Sarah experienced recurrent losses in two different workplaces, and found much more support and understanding in the second of the two.
I told people I was taking 3 days holiday. It was so hard because everyone asked me how my holiday was and I just lied and said it was good.
I had 4 miscarriages during my time at my previous company.
My first miscarriage was so unexpected as I only found out at the 12 week scan. I had a blighted ovum and I chose the surgery and I took 10 days off in total including the surgery and recovery time. I only told my boss but as I disappeared quite suddenly during a really busy time in an office environment where everyone knows who should be there or not, it was blatantly obvious something had happened. I was fairly newly married so I think people just put two and two together. My boss was great though and as no one talked to me about it, I actually found work a bit of a hiding place from the grief as I didn’t get chance to think about it.
We struggled to get pregnant again for a long time and I got a bit bored of my job as I was on top of it and not learning anything new. I asked my boss if I could change roles and to be honest was looking for a bit more responsibility but I was offered a sideways move and took it.

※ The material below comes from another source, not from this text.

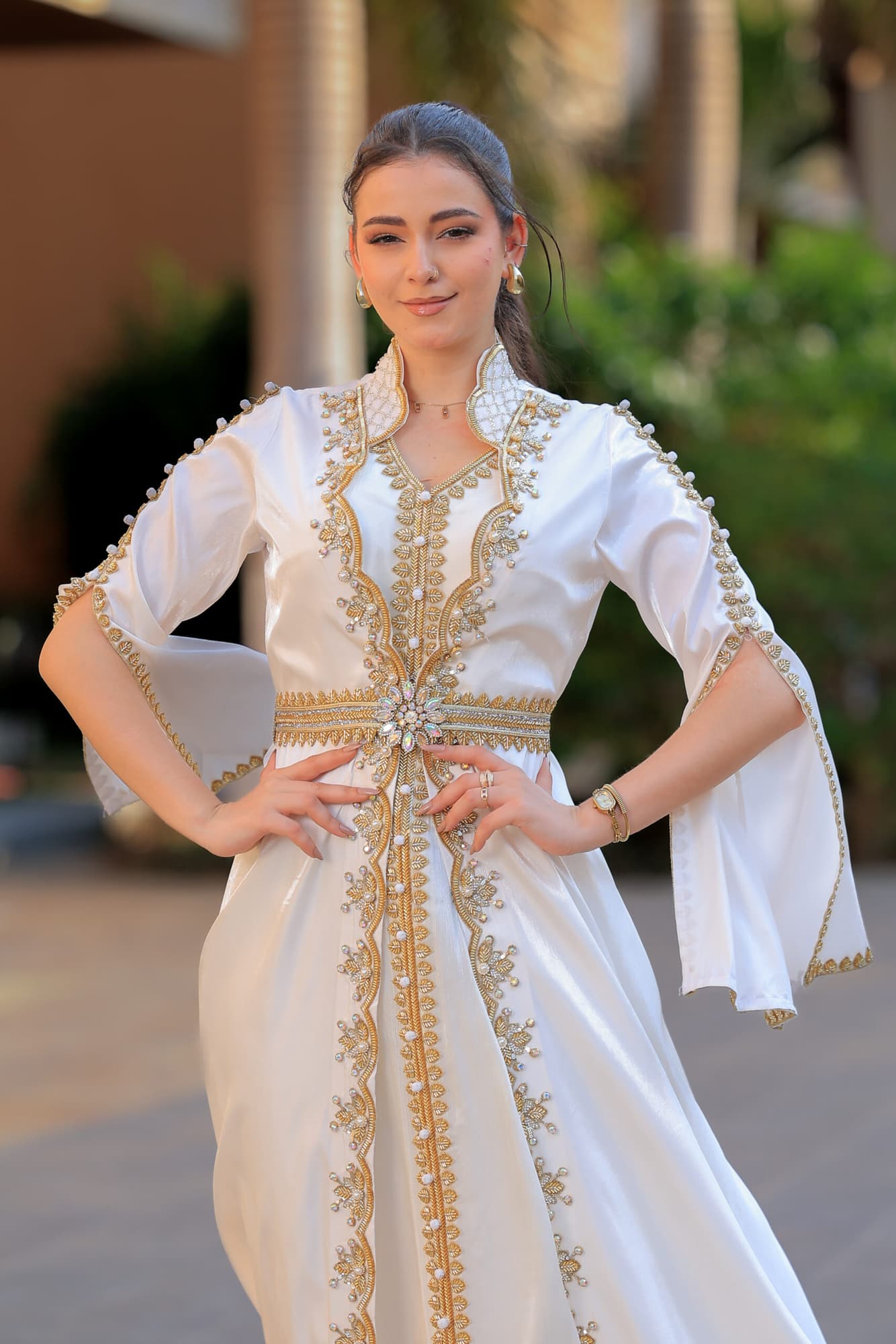 قفطان أنيق فخم قطعتين مطرز بخرز وكريستال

As I was moving roles and handing over my old role, I got pregnant again but this time I booked an early scan at 8 weeks. The scan showed no heart beat but a foetal pole so the sonographer asked to see me again in a week.

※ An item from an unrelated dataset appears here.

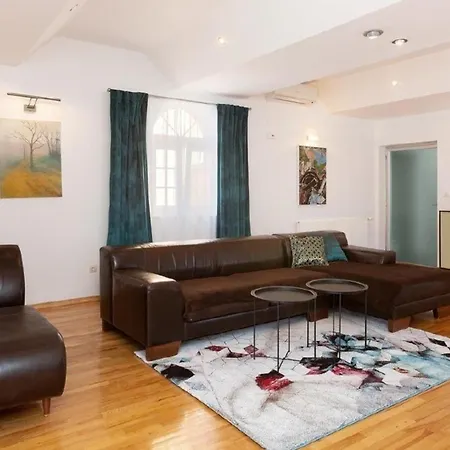 Charmante Ferienwohnung In Mit Grill, Terrasse Und Garten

I will never forget that week as I went back to the office (unlike my first miscarriage where I stayed at home). I couldn’t concentrate at all and I couldn’t get my brain to work. I remember as I was handing over to my male colleague, I couldn’t do simple maths in my head and he picked me up on it saying some horrible remark and I literally could have screamed at him. I felt so, so low. Again I told my boss (who was a different boss) and he acknowledged it, but no one really offered me any support.
I had the surgery again, took 3 days off and came straight back to work as I didn’t want to be missing and people start wondering where I am again. I also told people I was taking 3 days holiday. It was so hard because everyone asked me how my holiday was and I just lied and said it was good.
I remember coming back to work and seeing some replies to some emails I had written during that week. It was the strangest feeling as I don’t remember writing or sending any of those emails, almost as if I had dreamt it.
I went on to have 2 more miscarriages in the same role and I found myself not really progressing at work. I wanted them to restructure the team so I could take on more but they weren’t willing to do it so I left the business as I decided I needed a fresh start.
Within 3 months of starting at my new job in a new company I got pregnant again. I thought I would be able to handle just keeping it to myself until the first scan but I had a full on meltdown at work and I had to tell my new boss my full history. As I had only been there 3 months I couldn’t believe how understanding they were. I went on to have a full pregnancy and they were supportive throughout. They took all the stress out of scans and appointments by being fully flexible and I never felt like I fell behind as I was able to catch up when it suited me.
Leaving my old company for a fresh start was the best thing I did. I wouldn’t say I went onto having a full term pregnancy because of it as I had found a doctor who treated my miscarriages, but the flexibility and kindness of my new company and the acknowledgement of it certainly made me feel better.
Miscarriage at work is still such a secret. If I had taken 3 days off to have minor surgery on a limb, I would just tell people, but for some reason I couldn’t tell people what was happening and had to just put on a brave face throughout each miscarriage. It was so tempting to go off sick and take time out but I just felt like that would be a slippery slope.